I don’t normally write about sport. The English, minus the Agincourt archers, are to do battle today for the World Cup in a game which one famous, sadly deceased, journalist once described as ” the game you invented and the rest of the world whips you at”.

But, not today. The Kiwis are out for blood in the final and we shall see in a few hours’ time whether they have the bowels to see off the England squad and get their hands on the Cup.

Cricket, unlike baseball, is a gentleman’s game. Etonians play it well – I was in the First XI the day we beat them through sheer Midlands brutality, facing their fastest men. I was a nasty spin bowler and caught their captain out  at mid-on with an incredibly lucky catch, overarching and backward. I still remember the thud as I hit the ground.

Sport is like war. It’s strange how we have replaced our thirst for battle with a thirst for victory in the arena. But, rightly so. There are no widows or orphans, No fire, demolitions or rape. Even chess, the most benign of conflicts, rouses passion in its adherents .Yet there is never blood on the chessboard,  Queen’s Indian defence notwithstanding.

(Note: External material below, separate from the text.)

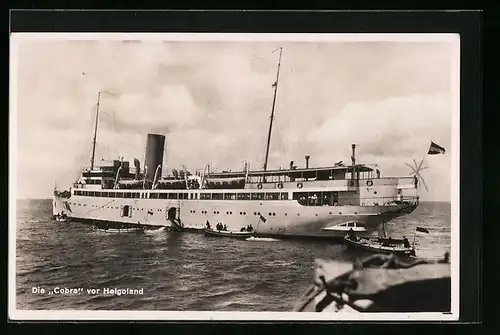 AK Passagierschiff Cobra vor der Küste Helgolands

It may be that even the Australians, the semifinal losers, will gather in Melbourne bars to see if the  bastard colonials get their asses’ whipped and the pride of the Pacific will be restored.

On the obverse side of the coin, today is Juillet Quatorze when French armed forces parade down the Champs Elysées, the final march being from the Légion Entrangère. They have to be last because the pace of their march is slower than all the others. Here, as of now, there is thunder, sheet lightning, as if the horses of the gods are girding for battle. Quite the metaphor. As if the gods are at war.

I used to love the fireworks. On a hilltop in St Germain, we could see the displays from at least seven different locations, including the spectacular one on the Champ de Mars where half a million gather.

I miss Paris.

Back to the Future

Some memories from long ago, which is, of course  the old man’s privilege, surfaced today. But the memory was so sharp, so vivid, so as if yesterday, It made me wonder. A friend mentioned Hildegard of Bingen – I haven’t given thought to her for half a generation – I wanted to remind him of the Kabbala, but, I did not. A rabbi whom I have met might do better. Another friend of a friend, a New Yorker whom I met in Jerusalem  again just popped her head above the parapet, reminding me of Susan, whom I loved, and she loved me. All rather maudlin, but I was reminded of the fact that we ourselves live in the chronos, not the kairos – much as we might like it to be different.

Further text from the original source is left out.